If to Beatles’ fans the Welsh Streets have been put on the map by Ringo, to anyone interested in housing they’re well known as one of the most egregious victims of the Labour Government’s misguided 2002 Pathfinder Housing Market Renewal programme. This was a plan to demolish generally structurally sound – sometimes neglected but rarely slum – housing in order to build smaller numbers of new homes and revive local housing markets. Up to 400,000 homes in the Midlands and the North were affected; against residents’ wishes, 400 homes on the Welsh Streets were earmarked for demolition.

Veolas Street, before and after (from the Welsh Streets website)

Powis Street (c) John S Turner and made available through a Creative Commons licence
Although the area has been systematically blighted since then, a long-running campaign has resisted clearance and fought to defend local housing and a local community. The plans were initially revised to safeguard the Beatles heritage of no. 9 and last year Communities Secretary Eric Pickles rejected the proposals wholesale. Now alternative regeneration plans are being discussed. (2)

12 Arnold Grove

Albert Grove, the identical street adjacent to Arnold Grove (but without the crowds of sightseers)
George Harrison was born three years after Ringo in Wavertree, around three miles to the west. No. 12 Arnold Grove was another small working-class terraced house. Harrison remembered it as very small – with rooms ten foot square, a basic kitchen comprising an iron stove in the backroom, and a backyard with ‘a one-foot wide flower bed, a toilet, a dustbin fitted to the back wall [and] a little hen house where we kept cockerels’. Four children were brought up in this tiny home.
The prevalence of unfit housing at this time has been lost in the subsequent narrative critical of the council housing which largely replaced it but, according to the 1951 Census, over one in five households nationally either shared a WC (this total included outside toilets) or lacked one completely and 45 per cent of households lacked a fixed bath. For all our later romanticisation of the nineteenth-century terraces, the great wave of slum clearance and post-war council house building which followed were long overdue. In January 1950, the Harrisons moved to a brand new council house in 25 Upton Green, Speke, six miles to the south.

George Harrison in Upton Green, Speke
The Speke Estate, begun in the late 1930s, was among the most ambitious of the Liverpool Corporation’s housing schemes; it was, in intent, almost a new town prefiguring, in spirit at least, the New Towns of 1946. As The Times reported in 1937, the ‘Speke satellite town’ was (like its successors) ‘planned to accommodate all classes of the community’; in this way, ‘avoiding that segregation of one class which was now widely recognised as a deterrent to social progress’. In 1949, Stanley Gale described the scheme, revived after a wartime hiatus, as ‘unique among housing estates developed by local authorities’. (3)

Plan of the Speke Estate
Of its 2209 acres, 626 acres were allocated to factories (11 built by the Corporation itself), 430 to Liverpool’s airport (now, of course, the John Lennon Airport), 626 to housing, and 710 to open space.

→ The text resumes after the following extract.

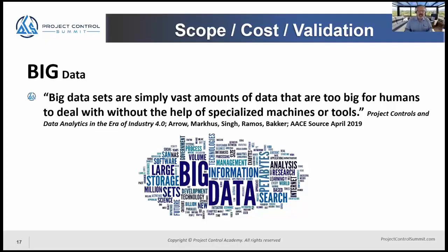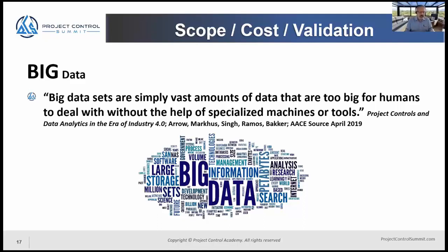We've all probably heard the term 'big data' — a term that can mean many things to many people. I'm referencing here a definition from a paper called 'Data Analytics in the Era of Industry 4.0' by Jane Darrow and other authors, published in the AACE Source Magazine in April 2019. A graphic from Booz Allen Hamilton referenced in this presentation also comes from that paper, which I'd recommend you seek out and read.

Of the planned 6000 homes, there were a few ‘cottage flats’ for the elderly and larger flats for families but most were two to four-bed homes, including ‘294 large houses with garage and four bedrooms for professional men, managers, etc.’. George’s father was a bus conductor and his mother a shop assistant so naturally the family didn’t qualify for one of the posh houses.
For Lancelot Keay, Liverpool’s City Architect and Housing Manager and the scheme’s driving force, Speke was about far more than shelter and work. He also wanted planners to: (4)
endeavour to bring back a greater measure of gaiety into the lives of ordinary people. They should have the opportunity of enjoying all those excitements and pleasantries of life which are too often reserved for those in the higher-income levels.
And to that end, a ‘central community building…with dance hall, concert hall and restaurant’ was provided ‘for the pleasures as well as the adult education of the people’.
Keay – whose discourse (for all his commitment to the people’s pleasure) retained a self-improving tone – surely hadn’t anticipated, and probably wouldn’t have approved, the rock and roll craze that captured George in the mid-50s. At any rate, the Quarrymen and the Beatles played elsewhere.
Nor could Keay have anticipated the devastating industrial decline that affected Liverpool, and Speke with particular force, from the 1970s. Between 1978 and 1985, Liverpool as a whole lost 40,000 jobs; the closure of the British Leyland Standard Triumph works and Dunlops in Speke contributed over 6000 of this total.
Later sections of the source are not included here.